Com Scolari, a criatividade está sob suspeita; perdeu-se a magia

Hoje, em sua usina são produzidos centuriões como Thiago Silva, David Luiz, Luiz Gustavo, Fred… Bons jogadores de futebol, porém mais dispostos para as barricadas do que para o engenho, assunto exclusivo de Neymar, o último elo da Canarinha mais bacana. Contudo, por essa via, a da fúria sem maiores considerações, o Brasil parte como máximo favorito. O time de Scolari não está respaldado tanto por seu passado, do qual derrapou, e sim por sua extraordinária demonstração de força na Copa das Confederações, em que se desdobrou com um ardor elogiável.
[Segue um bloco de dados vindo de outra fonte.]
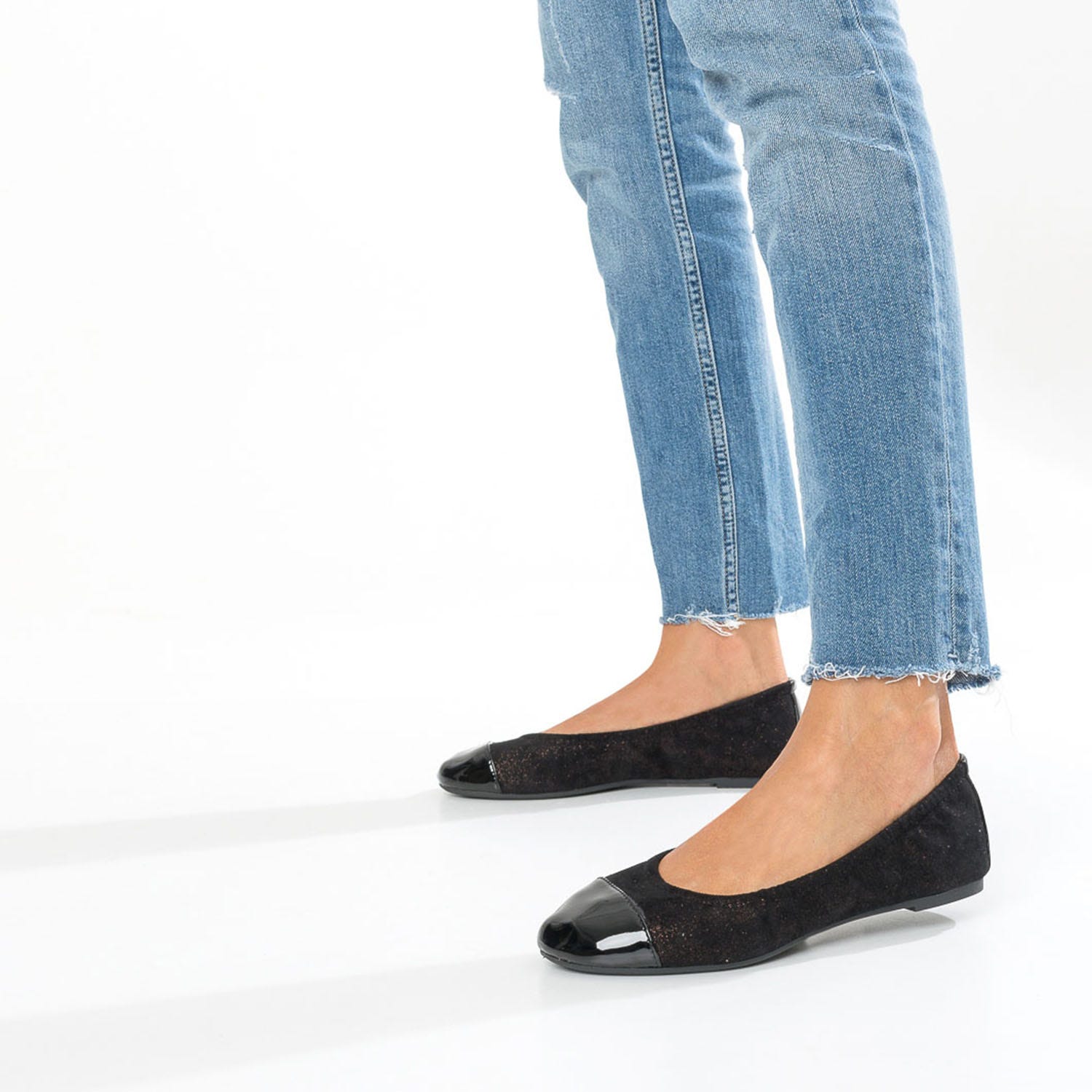 Ballerine noire à paillettes et bout verni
Mas a Copa do Mundo não é uma mera escala, como foi o torneio de um ano atrás, e sim o Santo Graal. Agora, terá que suportar uma enorme pressão, tanto pelo peso da sua enciclopédica história como pelas conturbações sociais que possam novamente fazer do futebol um motivo de protesto social. Em seu primeiro jogo, contra a Croácia, na partida inaugural desta tarde (17h), será possível avaliar. Os croatas não são precisamente uma equipe de descamisados. É a seleção de Modric e Rakitic, que são gente na classe alta do futebol.

Diego Costa.
Diego Costa.

Em seu caminho, o Brasil topou com a Espanha, que é hoje a seleção com mais samba. À margem do que determine o torneio, depois da contrarreforma da Fúria iniciada em 2008, a seleção de Del Bosque é hoje uma ideia, e leva na sua bagagem a bola, o toque e a marcação. Uma equipe que se protege com a bola e que o selecionador quis dar continuidade com alguns novos recrutas, caso da Azpilicueta, Koke e Diego Costa, que prometem ter peso no torneio. O caso do hispano-brasileiro é o mais singular, não só por sua dupla cidadania futebolística. Ele tem algo de forasteiro dentro de uma equipe que sempre falseou os aríetes e que, com sua vocação por trocar passes até o delírio, acaba por se esquecer de chegar à rede contrária. No caso espanhol, os gols não são filhos do jogo, e essa é sua principal deficiência. É aí onde entra Diego Costa, desde que consiga apanhar a onda de uma seleção na qual ele deveria ser o recurso final, não um ator principal da arquitetura do jogo. Sua adaptação não será simples. O alvirrubro precisa de ar para se desenvolver, e neste grupo sentirá que são seus próprios companheiros quem ficam fechados no seu canto com a bola, diante de rivais enclausurados em sua área. Se quiser horizonte, quanto mais se afastar da bola, melhor.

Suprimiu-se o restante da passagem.